Les professions de foi meurent par excès de certitude. Comme l’anaphore présidentielle, moi président de la République, la volonté de l’objectivité a fait long feu chez les historiens. "Toute écriture de l’histoire qui n’a pas conscience que les actions et les intrigues rapportées ne recoupent pas la réalité du passé est potentiellement porteuse d’une dimension mythologique."Shlomo Sand n’est pas du genre tiède. Il a le sens de la formule et ses intuitions sont souvent frappées au coin du bon sens. Elles ont en tout cas le mérite d’échapper au consensus mollasson et de provoquer la discussion.
Après avoir expliqué qu’il ne fallait pas traiter Israël différemment des autres peuples et que la notion de "peuple juif" reposait sur une fiction (Comment le peuple juif fut inventé, Flammarion, "Champs", 2010), l’historien israélien explique que l’histoire est toujours pervertie, même inconsciemment, par le rôle qu’on lui attribue. Il revient ainsi sur les débats autour de la mémoire, des commémorations et sur la manière dont on a fabriqué l’Antiquité ou l’identité européenne.

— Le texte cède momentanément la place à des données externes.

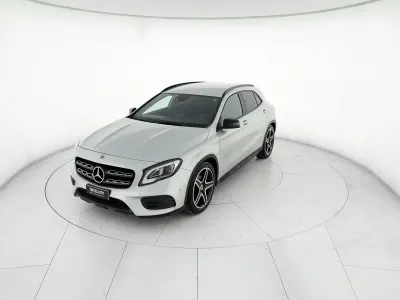 Usata Mercedes GLA200 Premium 136 CV (100 kW) 2019 Argento SUV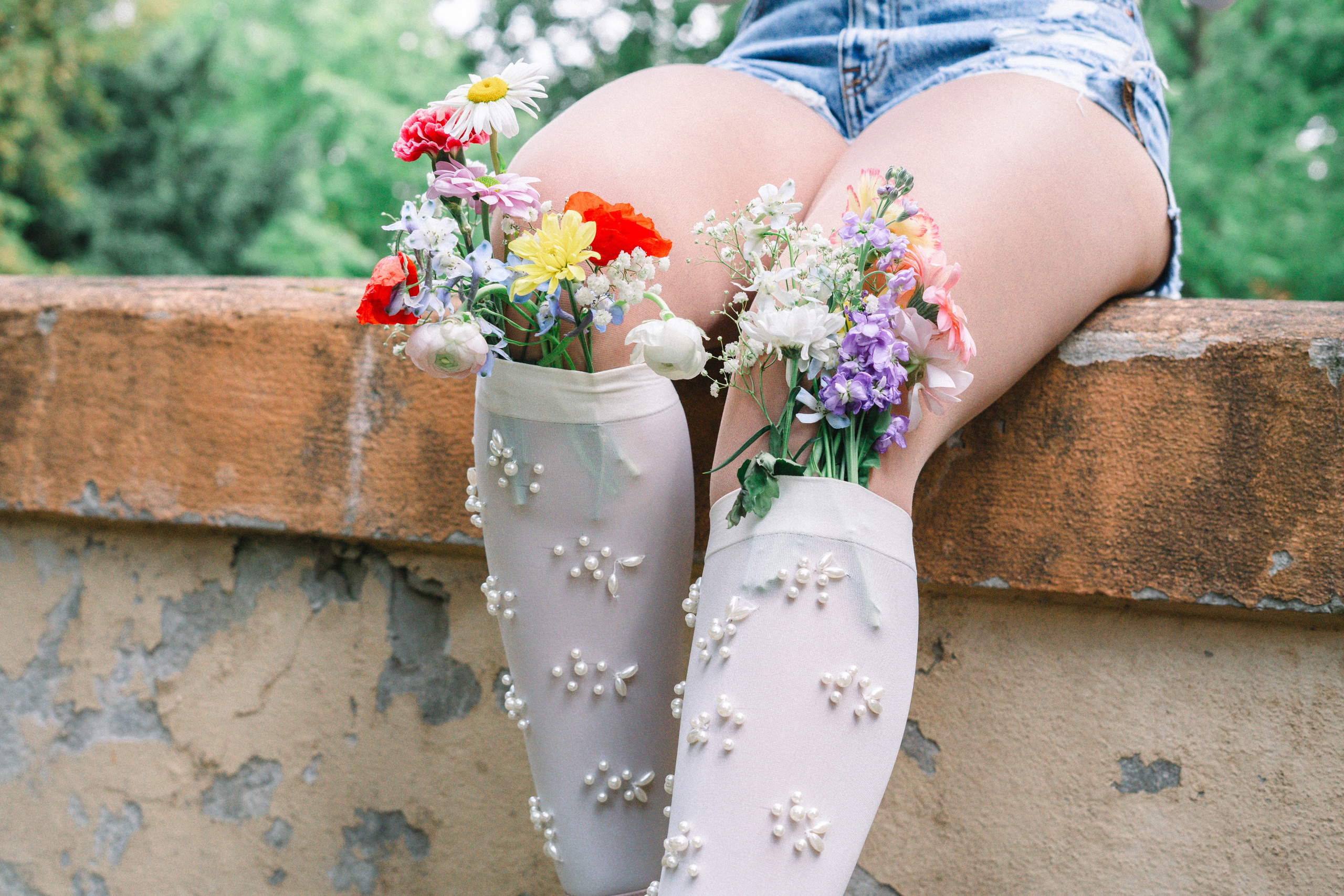 Focení mezi květy. Jana Holubová | Svatební, párová a rodinná fotografka v Praze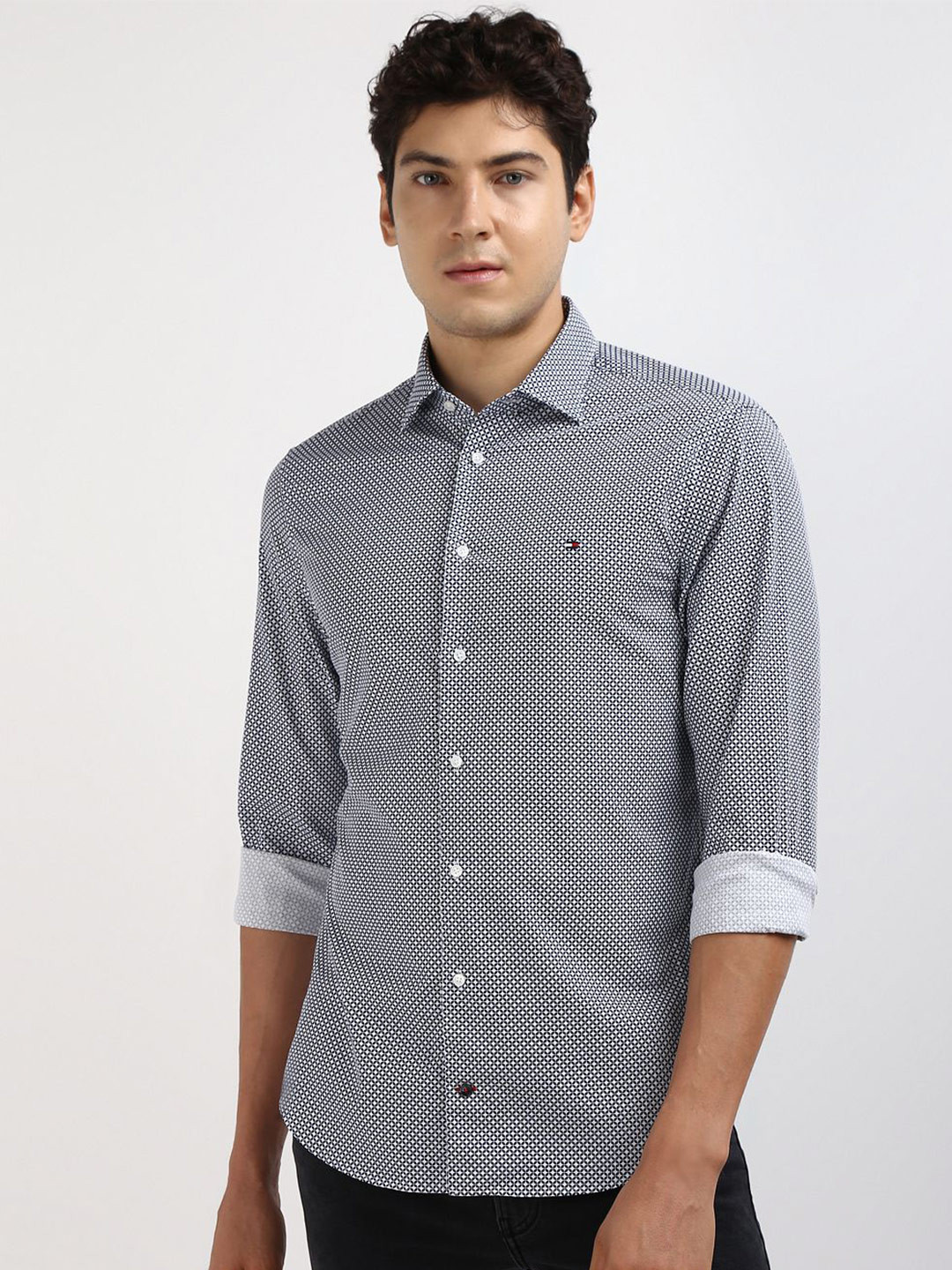 

Tommy Hilfiger Men Opaque Checked Casual Shirt, Blue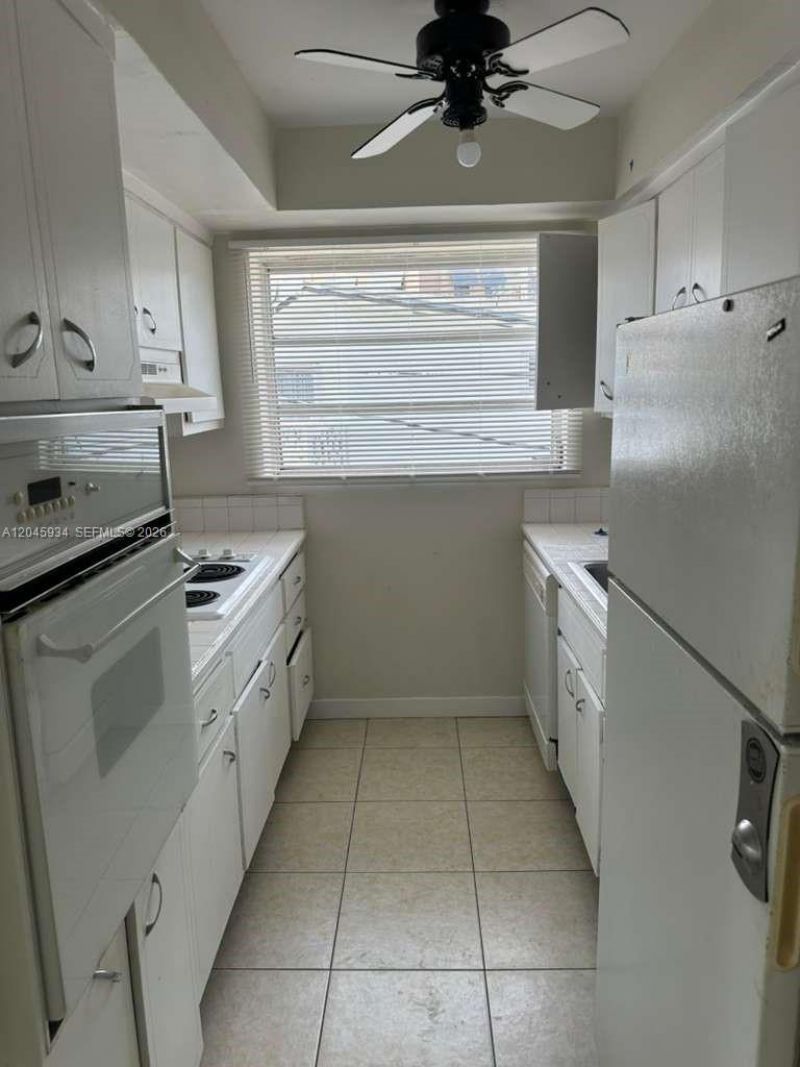 11925 NE 19th Dr , Unit 8, North Miami, FL 33181 Photo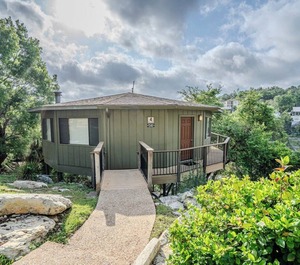 Waterfront Bungalow Travis Marina 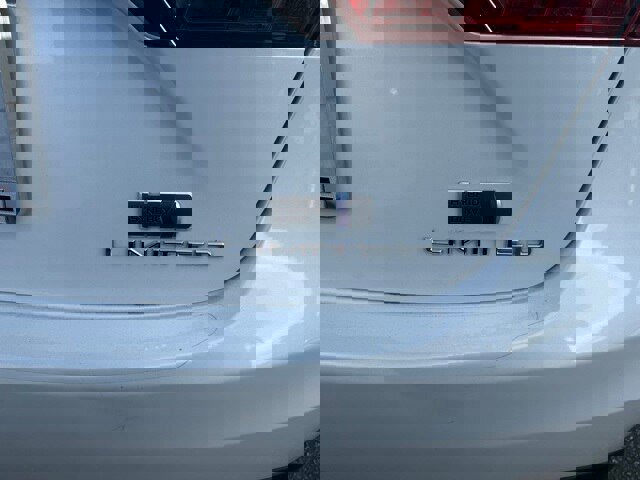 Used 2018 Toyota Avalon Limited image 9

En quatre étapes puisées dans son parcours personnel, ses rencontres, ses lectures et son enseignement à l’université de Tel-Aviv, il montre les limites du discours historique et interroge son propre rapport à l’histoire. "Il faut étudier l’histoire avant tout pour savoir comment s’en libérer." Sinon, on risque d’apercevoir assez vite le crépuscule d’une discipline qui a tendance à se transformer en culte officiel de la nation. En définitive, il ne manque à cet essai enlevé qu’une seule prudence : un point d’interrogation dans le titre. L. L.